Mercy triumphs over judgment. But judgment without mercy will be shown to anyone who has not been merciful. We already talked about how showing favoritism is playing the judge. The problem with playing the judge is that it means we are showing no mercy. For some reason, it is in our sinful human nature to want to play the judge. We think we are better than the one we are judging.
There is a moving scene with a strong point in the movie “The Shack.” Let me say I don’t agree with all the theology of the book or movie. In this scene, a grieving, angry father has a meeting with Wisdom, who is seated on a throne. Wisdom calls the angry father to come and judge, but he refuses. Wisdom says, “You must.” Wisdom knows that he hates his father, who had been abusive to him. Wisdom shows him a boy who was abused by his father. Then Wisdom asks,” Would you judge this boy?” He answers, “Of course not.” Wisdom says, “You already have. That boy was your father when he was young.” This understanding gave the man the heart to forgive his father—to show him mercy. He did not condone or justify the evil his father had done. He only showed mercy and forgiveness, and his relationship was healed.
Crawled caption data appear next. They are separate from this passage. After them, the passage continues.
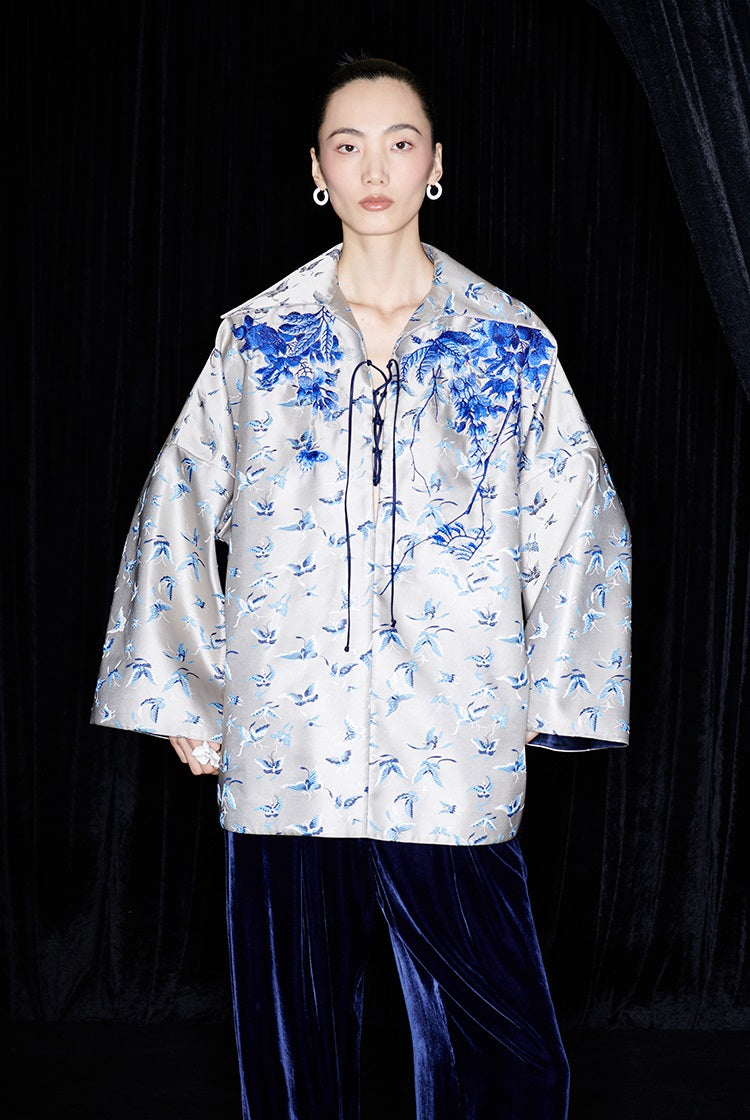 M essential Mackay designer butterfly jacquard blue vine butterfly embroidered top - WIND.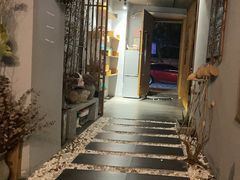 -泰·菩提树下[泰式按摩x精油SPAx肩颈头疗](新景店)
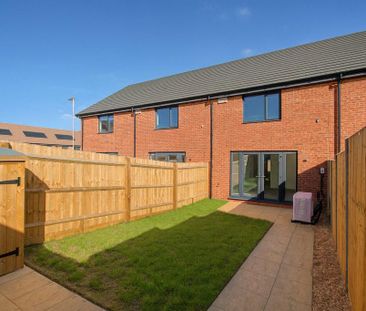 2 bedroom terraced house to rent - Photo 2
I want to share with you a powerful story of Christian mercy. Botham Jean, a black man in Dallas, was shot to death in his own apartment by a white policewoman, Amber Guyger, who said she thought she was entering her own apartment, which was one floor apart. The 26 year old Christian man who was shot and killed had an 18 year old Christian brother who publicly forgave the policewoman at her trial. He even confessed that he loved her and asked if he could give her a hug. Here’s 2 minutes of a video clip of the 18 year old’s testimony at the trial (1:30-3:25): https://www.youtube.com/watch?v=fIzxzl5KfSk.
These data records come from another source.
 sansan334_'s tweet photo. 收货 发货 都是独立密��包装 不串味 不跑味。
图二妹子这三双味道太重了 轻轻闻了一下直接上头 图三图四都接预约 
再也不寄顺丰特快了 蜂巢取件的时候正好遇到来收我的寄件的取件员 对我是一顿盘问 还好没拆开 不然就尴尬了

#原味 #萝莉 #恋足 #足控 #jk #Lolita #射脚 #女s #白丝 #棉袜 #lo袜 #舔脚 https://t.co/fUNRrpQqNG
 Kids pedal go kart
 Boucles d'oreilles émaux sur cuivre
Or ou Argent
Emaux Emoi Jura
Today we learned that Christians must not show favoritism or judge others. Rather, Christians must love and show mercy. We can’t do this by our own feeling or strength. We can do this when we remember Jesus’ grace and mercy to us personally. Mercy triumphs over judgment. As Christians, we are to keep the royal law: “Love your neighbor as yourself.” We are to not show favoritism as believers in our glorious Lord Jesus Christ.